Dataset content
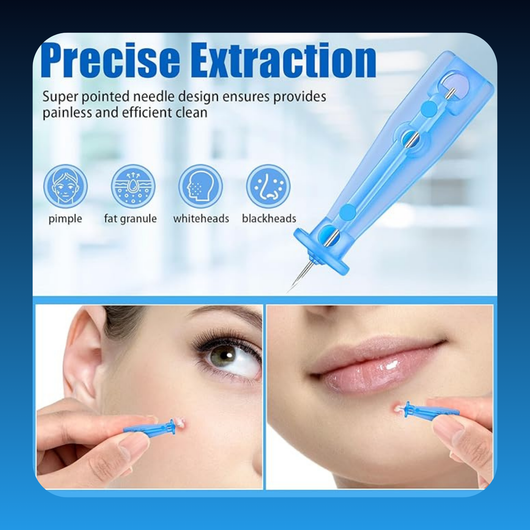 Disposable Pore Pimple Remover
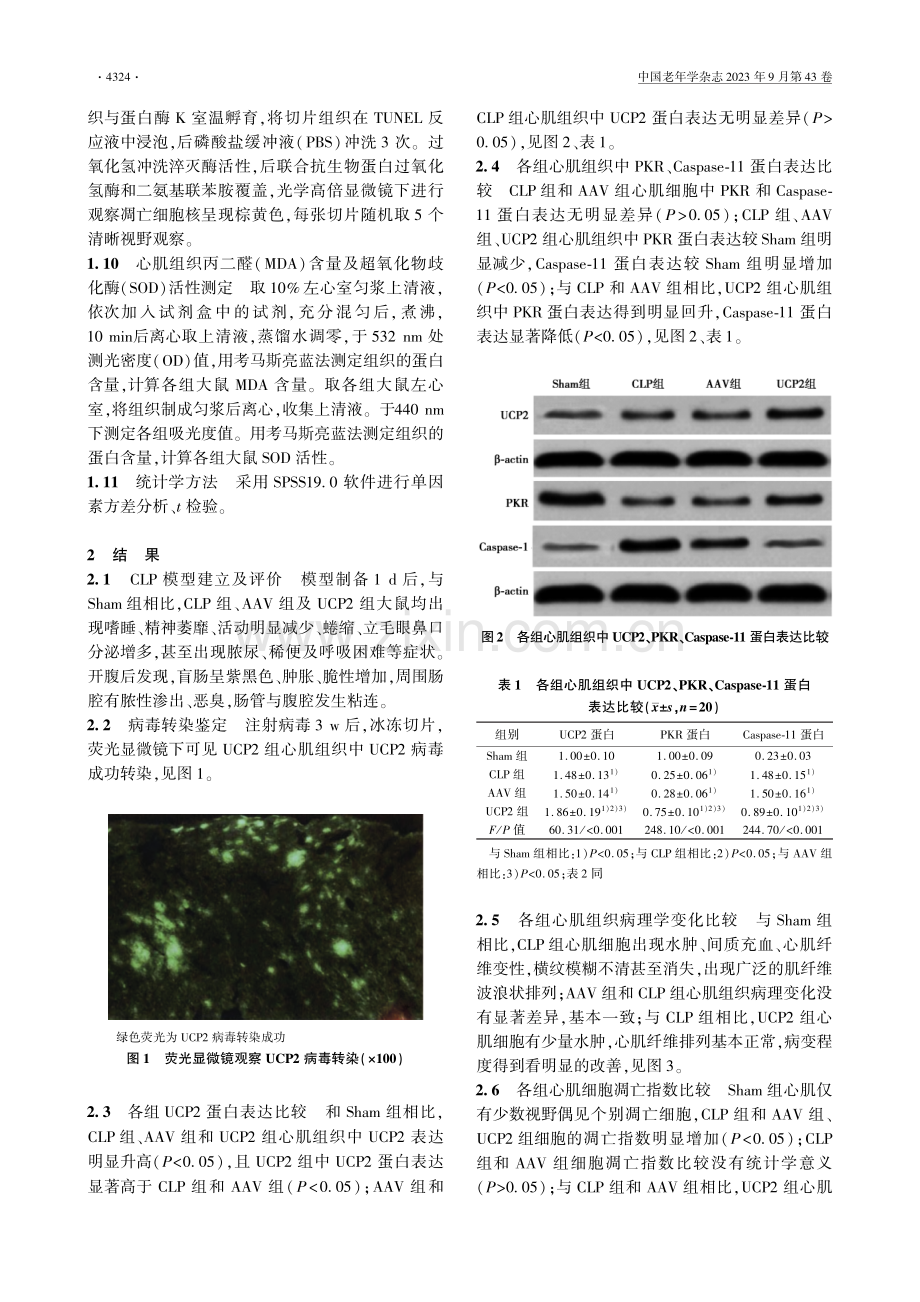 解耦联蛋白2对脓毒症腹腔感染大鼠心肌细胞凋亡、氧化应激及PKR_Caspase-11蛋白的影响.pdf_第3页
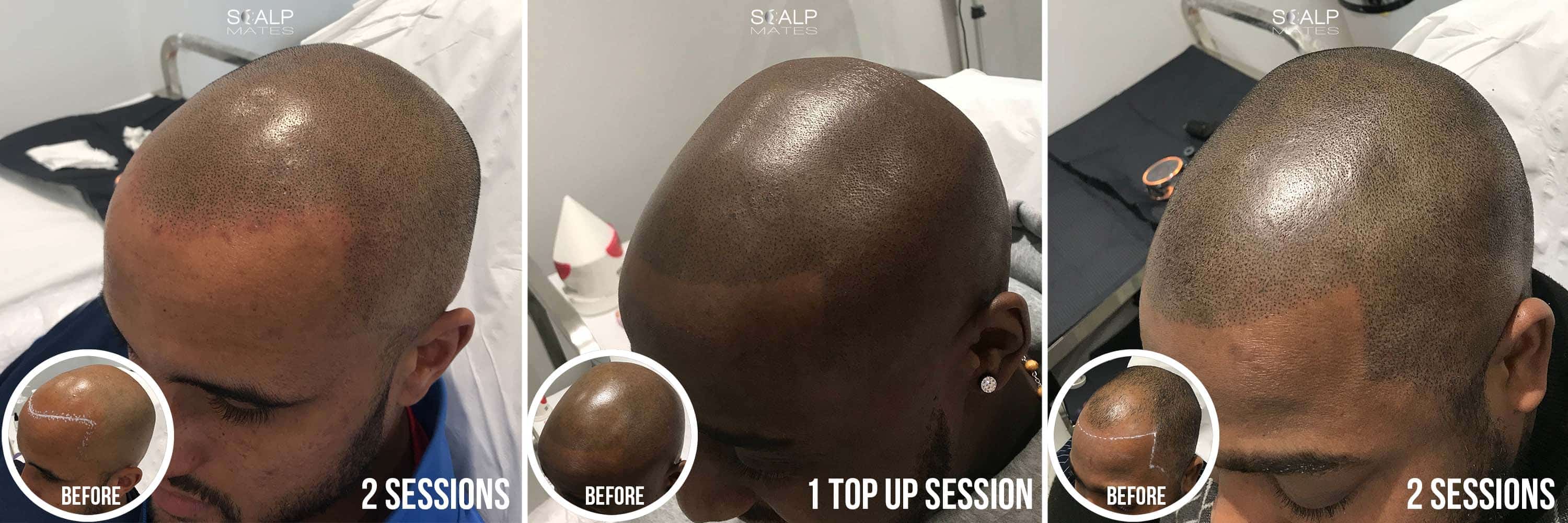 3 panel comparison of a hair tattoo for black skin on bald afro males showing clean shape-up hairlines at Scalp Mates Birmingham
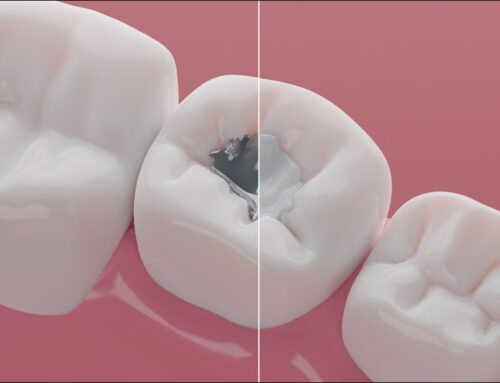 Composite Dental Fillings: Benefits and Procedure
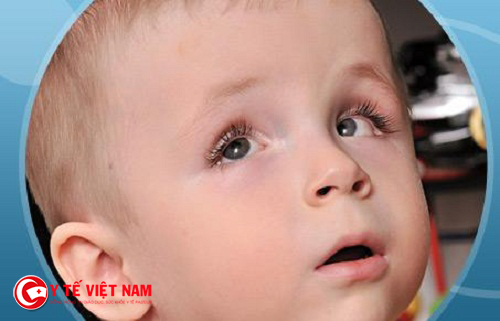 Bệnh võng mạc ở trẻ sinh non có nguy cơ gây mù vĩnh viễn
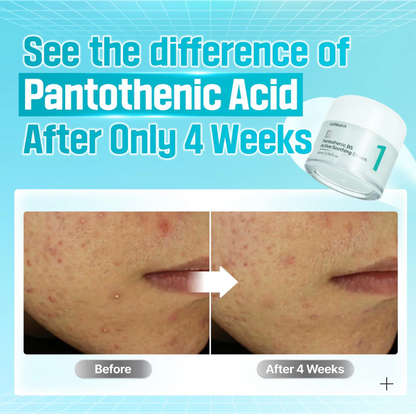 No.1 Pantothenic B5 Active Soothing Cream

...

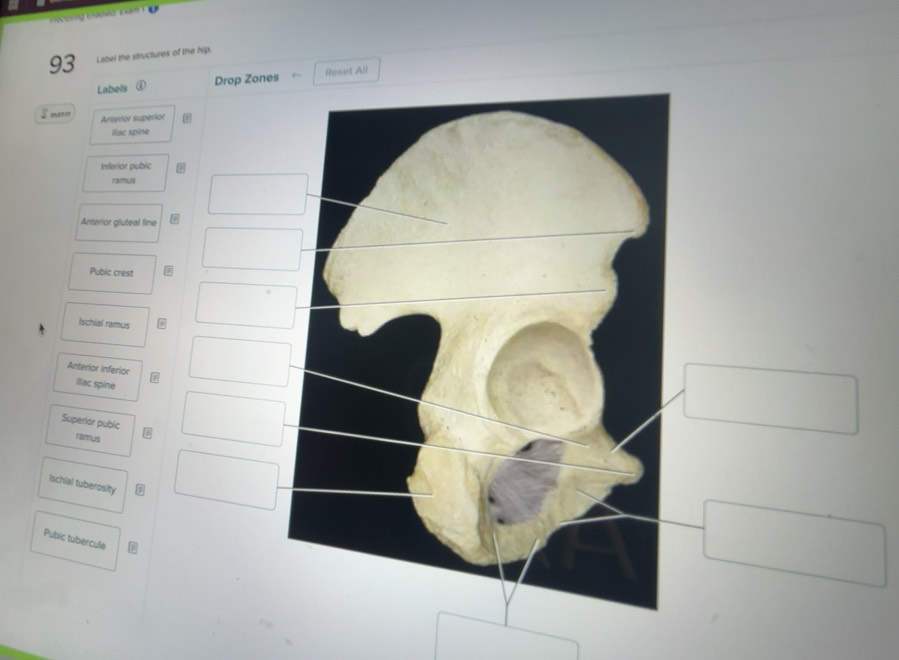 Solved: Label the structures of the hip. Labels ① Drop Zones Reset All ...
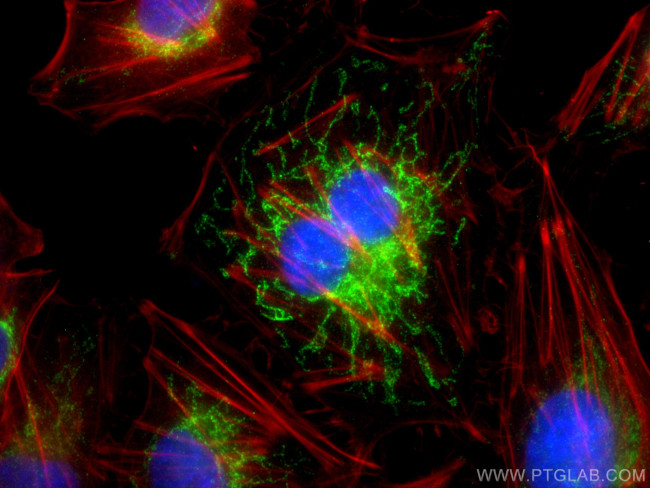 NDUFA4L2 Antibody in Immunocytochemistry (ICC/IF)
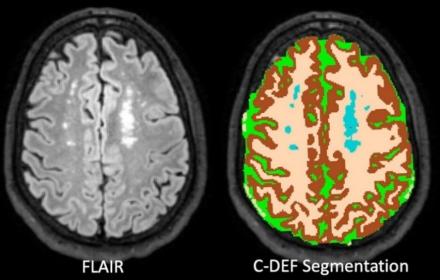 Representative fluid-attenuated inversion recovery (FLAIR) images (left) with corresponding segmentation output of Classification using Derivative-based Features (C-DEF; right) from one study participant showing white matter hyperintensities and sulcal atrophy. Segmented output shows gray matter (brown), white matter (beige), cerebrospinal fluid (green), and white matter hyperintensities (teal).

...

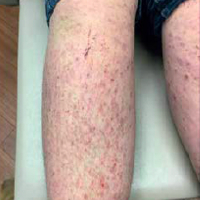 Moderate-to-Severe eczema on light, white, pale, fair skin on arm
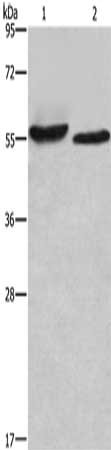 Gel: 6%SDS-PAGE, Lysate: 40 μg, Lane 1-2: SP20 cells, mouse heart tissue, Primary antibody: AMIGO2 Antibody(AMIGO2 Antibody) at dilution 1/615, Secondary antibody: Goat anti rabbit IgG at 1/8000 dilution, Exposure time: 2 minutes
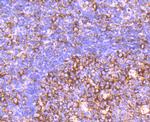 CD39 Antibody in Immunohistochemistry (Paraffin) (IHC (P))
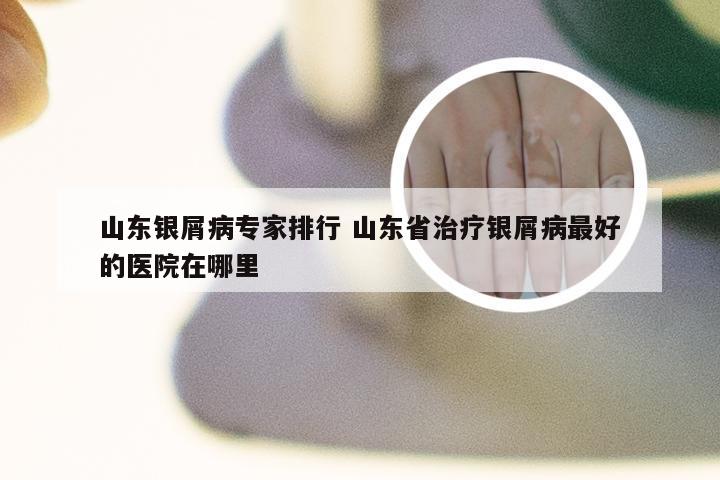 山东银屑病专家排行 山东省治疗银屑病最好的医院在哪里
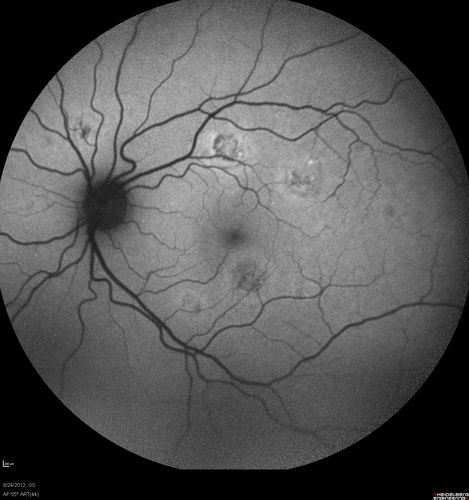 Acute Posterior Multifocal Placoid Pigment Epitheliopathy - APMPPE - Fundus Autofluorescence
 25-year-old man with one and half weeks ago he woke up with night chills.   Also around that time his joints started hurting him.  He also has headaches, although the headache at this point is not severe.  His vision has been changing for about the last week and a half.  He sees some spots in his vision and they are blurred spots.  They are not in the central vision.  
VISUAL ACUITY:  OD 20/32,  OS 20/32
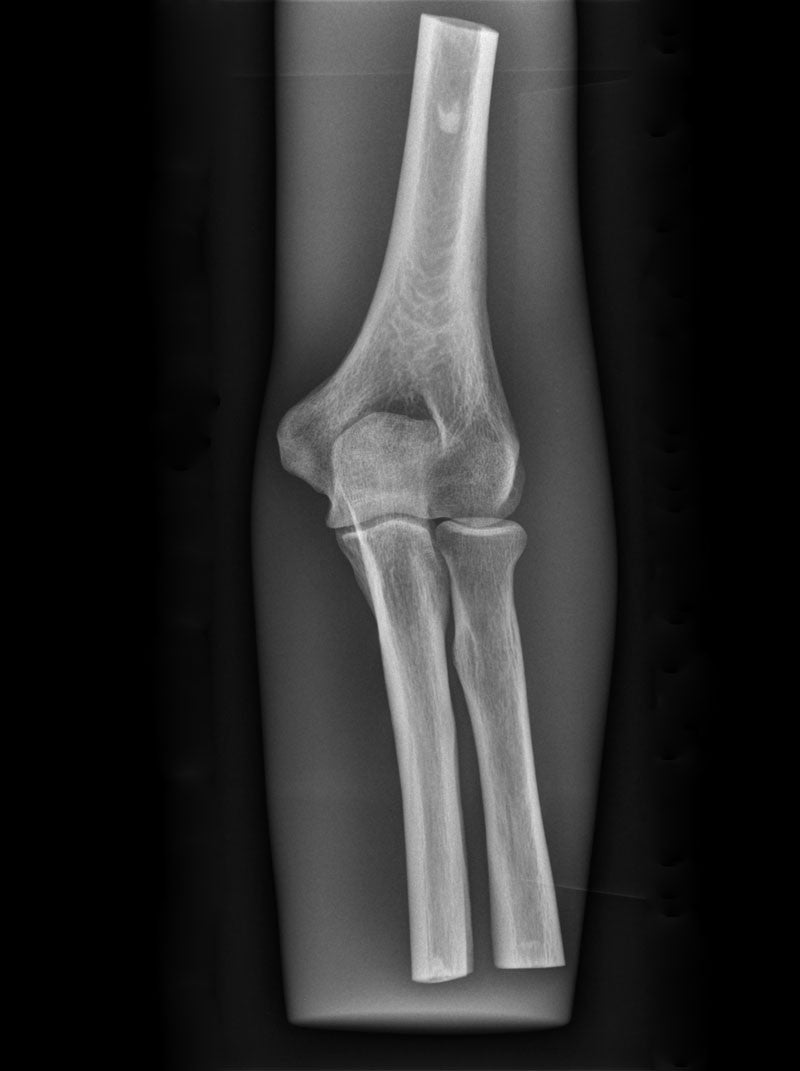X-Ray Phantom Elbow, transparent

Task instructions
A word-for-word reproduction is needed of the lines above from the line containing "山东银屑病专家排行 山东省治疗银屑病最好的医院在哪里" through the line containing "25-year-old man with", with both ends kept and no pictures.

Solved exercise
 山东银屑病专家排行 山东省治疗银屑病最好的医院在哪里
 Acute Posterior Multifocal Placoid Pigment Epitheliopathy - APMPPE - Fundus Autofluorescence
 25-year-old man with one and half weeks ago he woke up with night chills.   Also around that time his joints started hurting him.  He also has headaches, although the headache at this point is not severe.  His vision has been changing for about the last week and a half.  He sees some spots in his vision and they are blurred spots.  They are not in the central vision.  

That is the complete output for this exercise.